[Supplied data — start]

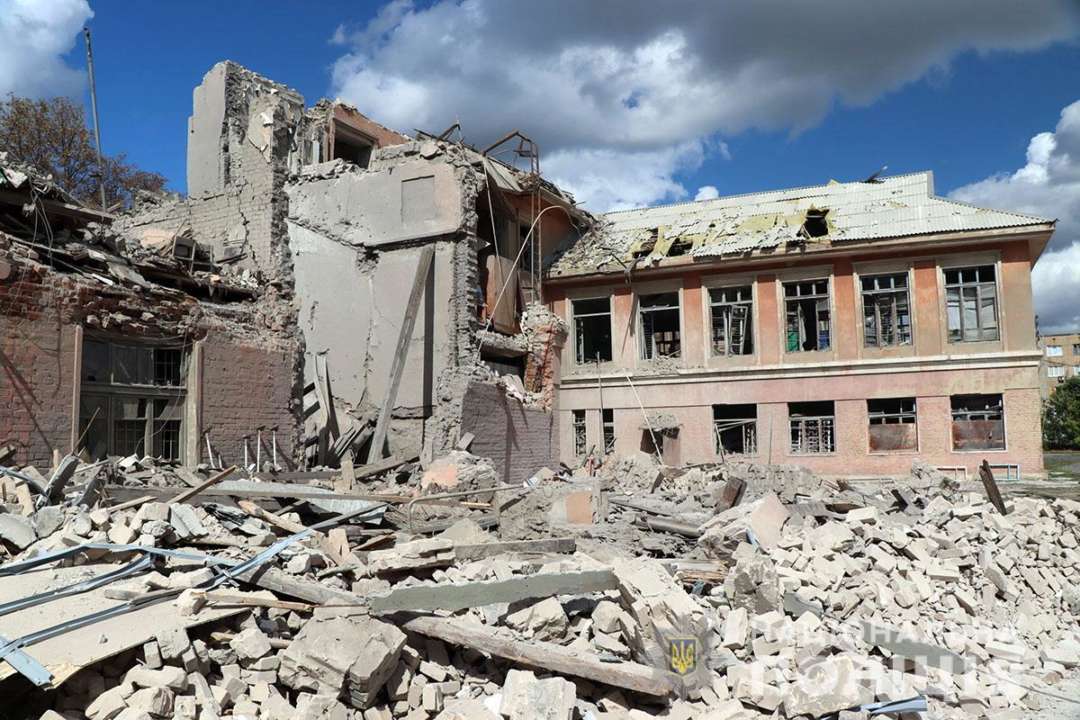 Россияне уничтожили Кураховскую гимназию/Фото: Национальная полиция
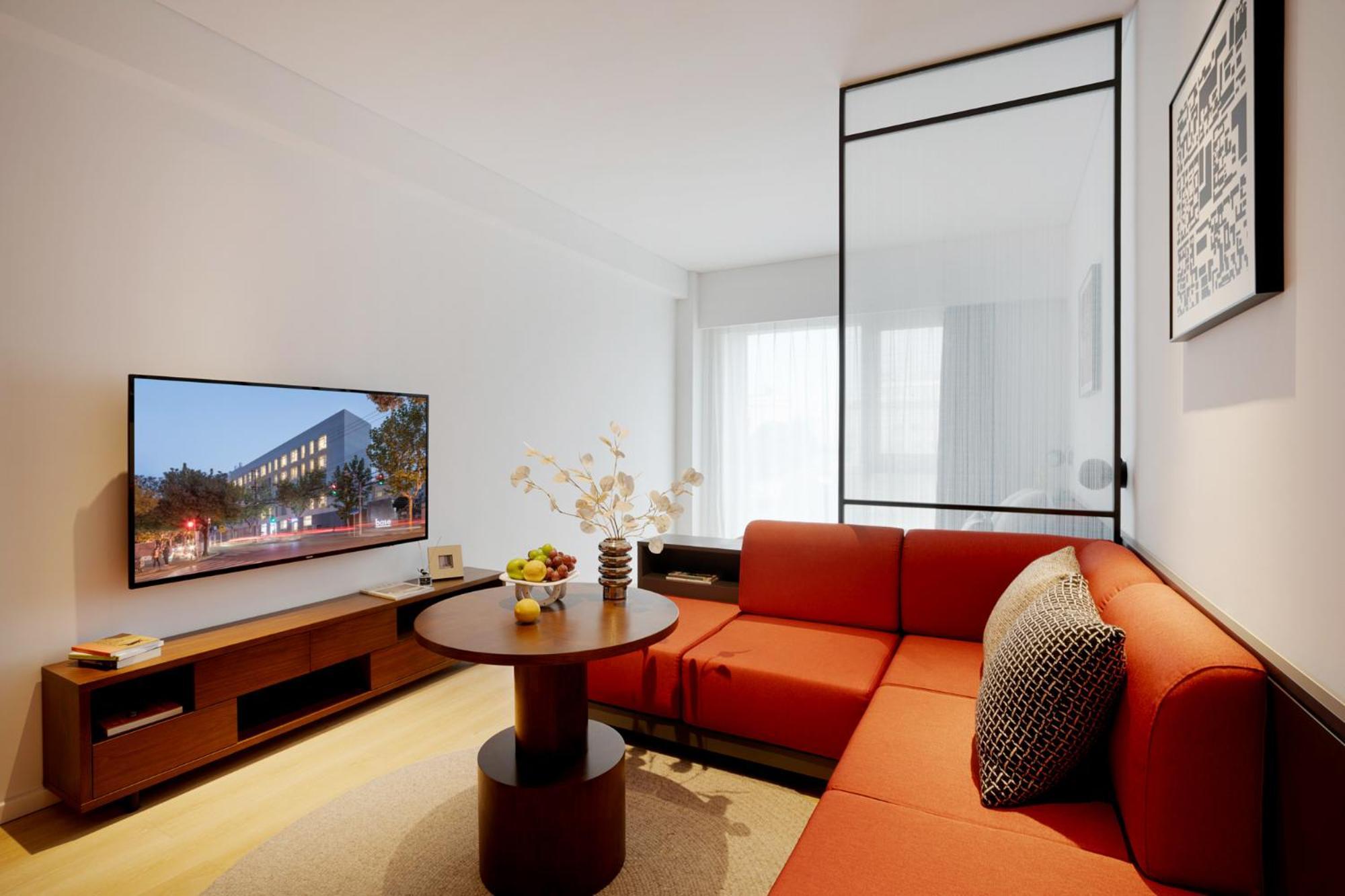 Base-Beijing Wangfujing Serviced Apartment- In Hutong &Bike Rental &Close To Forbidden City, Tian'Anmen Square &Subway Nearby &Free Coffee &Washing Machine,Kitchen &Restaurant Discount &English Speaking &High Speed Free Wifi מראה חיצוני תמונה Living room
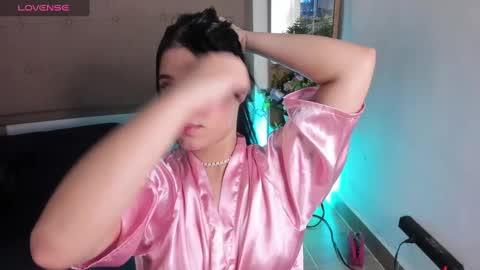 Natasha Sccott online show from March 11, 7:36 pm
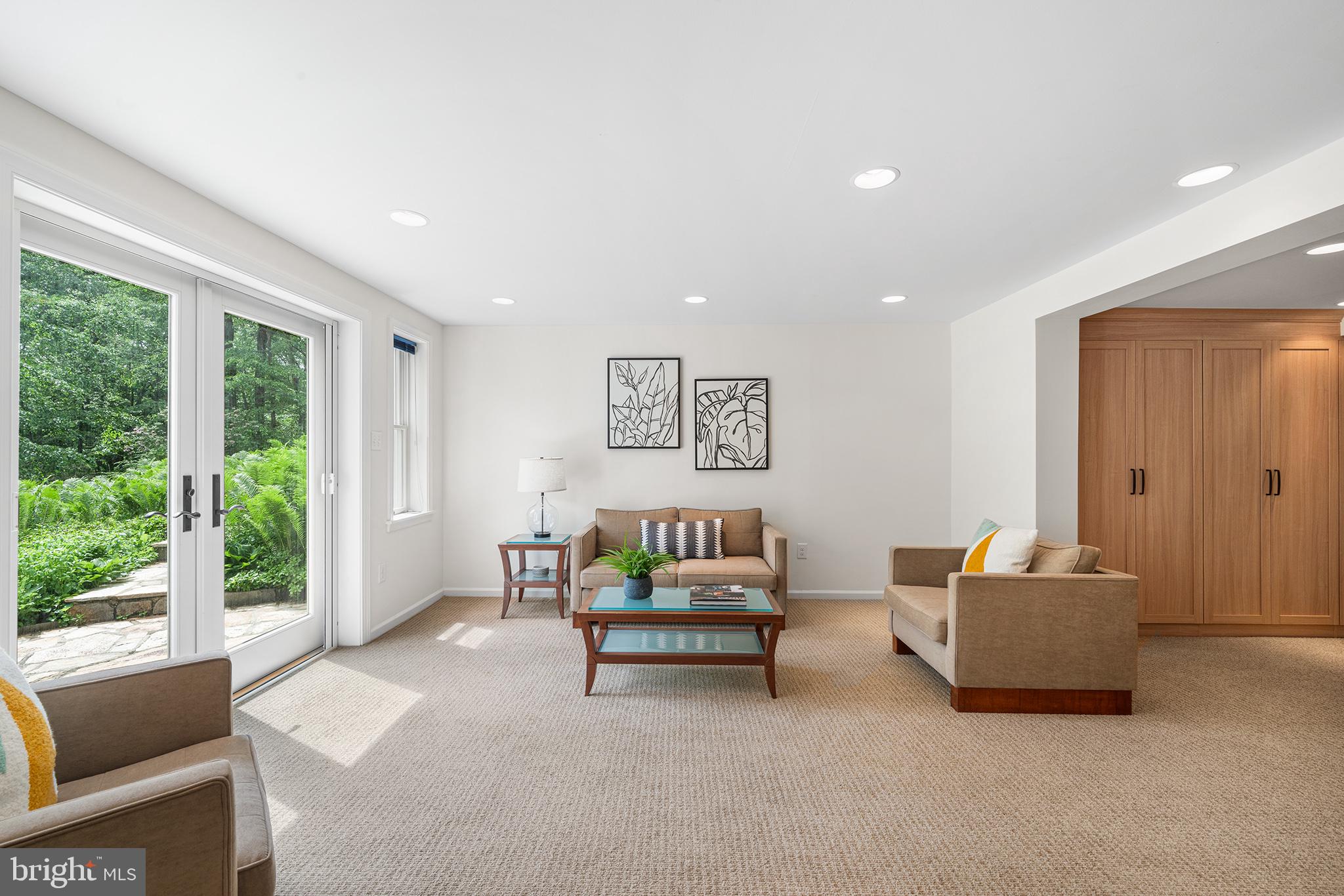 VALLEY FORGE MTN - Residential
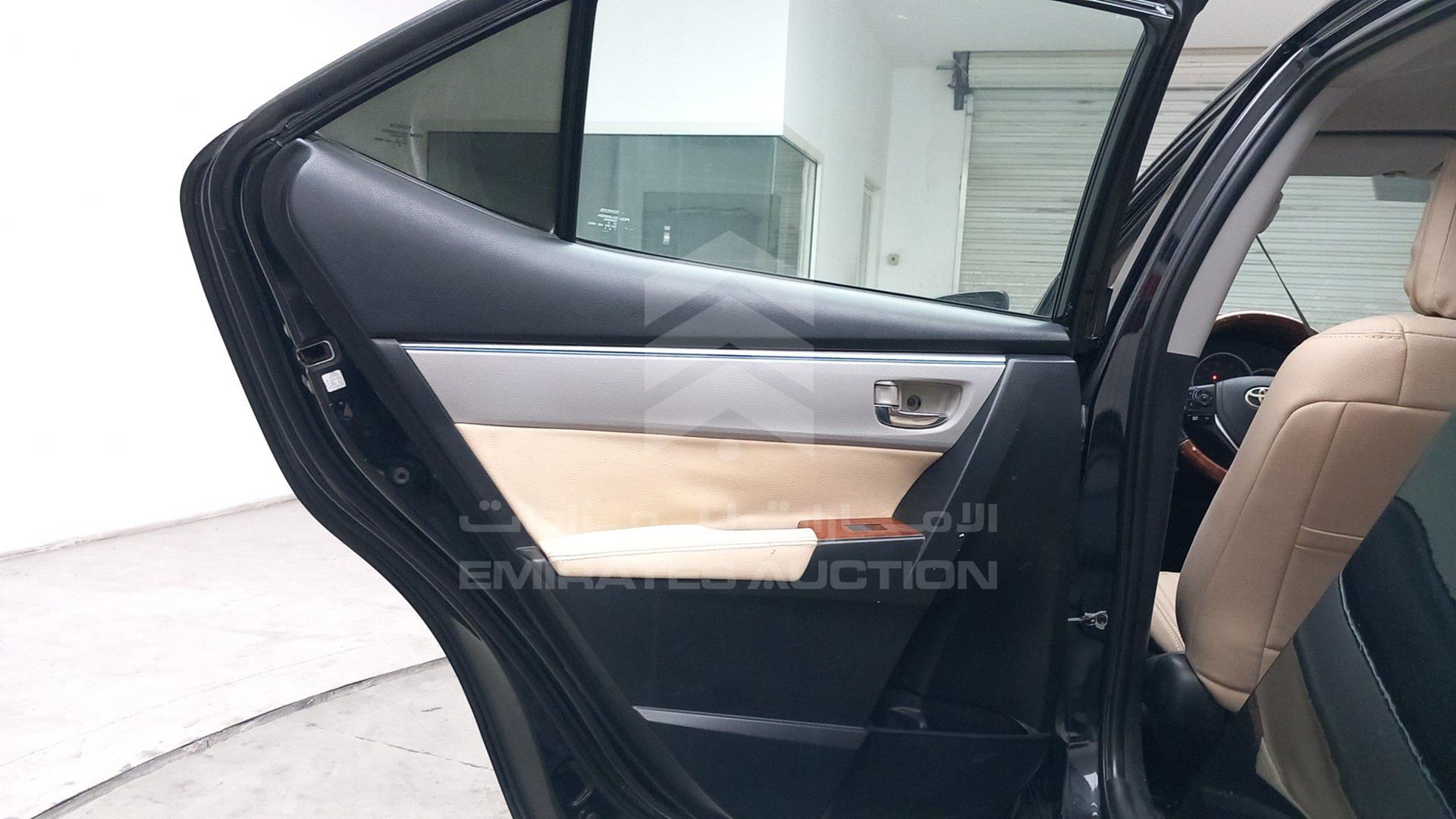 2016 TOYOTA COROLLA VIN: 2T1BURHE8GC484372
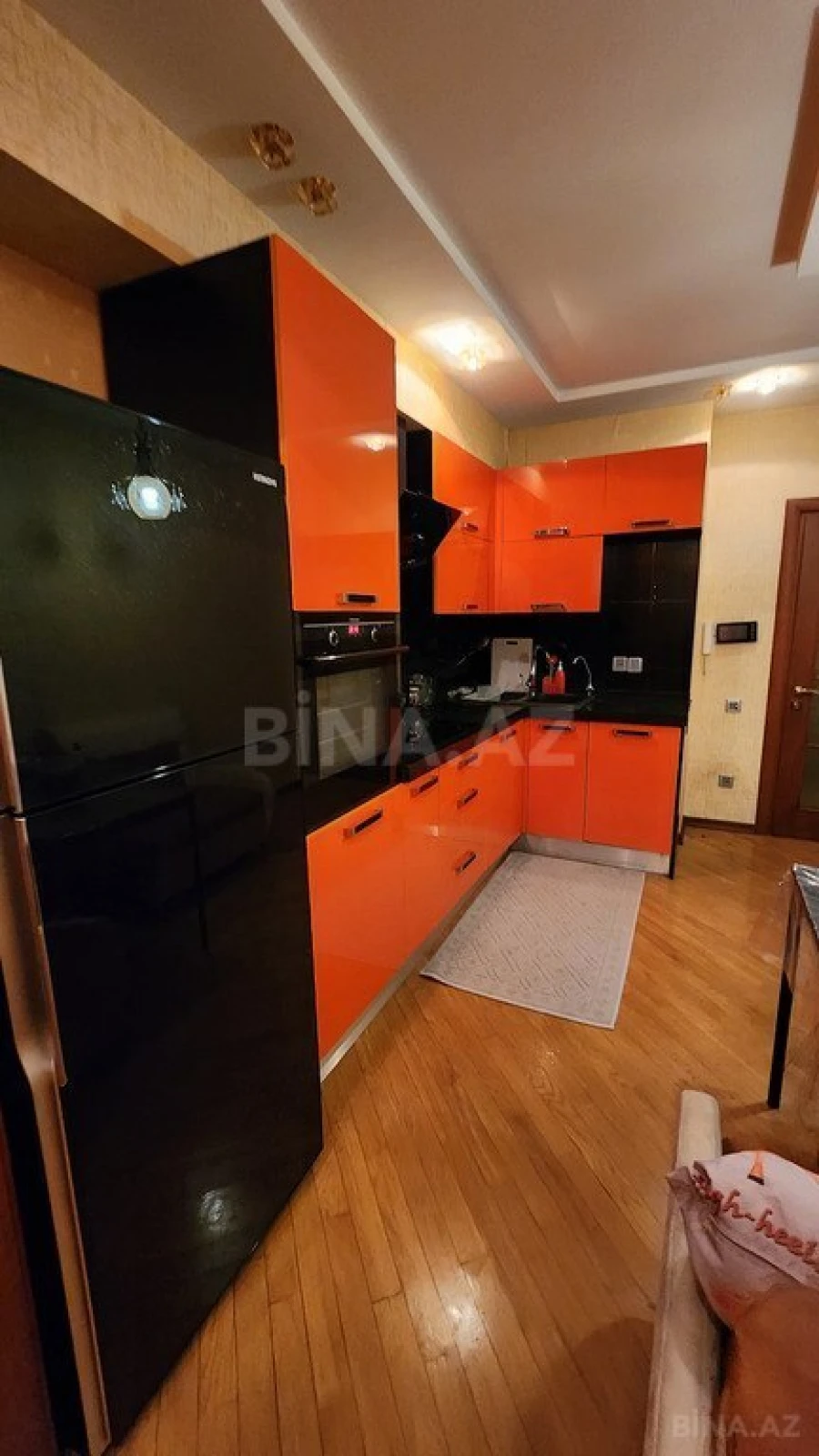 Satılır 3 otaqlı mənzil 74 m²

[Supplied data — finish]

Directions
Set down the data exactly as it appears, without any images.

Written answer
 Россияне уничтожили Кураховскую гимназию/Фото: Национальная полиция
 Base-Beijing Wangfujing Serviced Apartment- In Hutong &Bike Rental &Close To Forbidden City, Tian'Anmen Square &Subway Nearby &Free Coffee &Washing Machine,Kitchen &Restaurant Discount &English Speaking &High Speed Free Wifi מראה חיצוני תמונה Living room
 Natasha Sccott online show from March 11, 7:36 pm
 VALLEY FORGE MTN - Residential
 2016 TOYOTA COROLLA VIN: 2T1BURHE8GC484372
 Satılır 3 otaqlı mənzil 74 m²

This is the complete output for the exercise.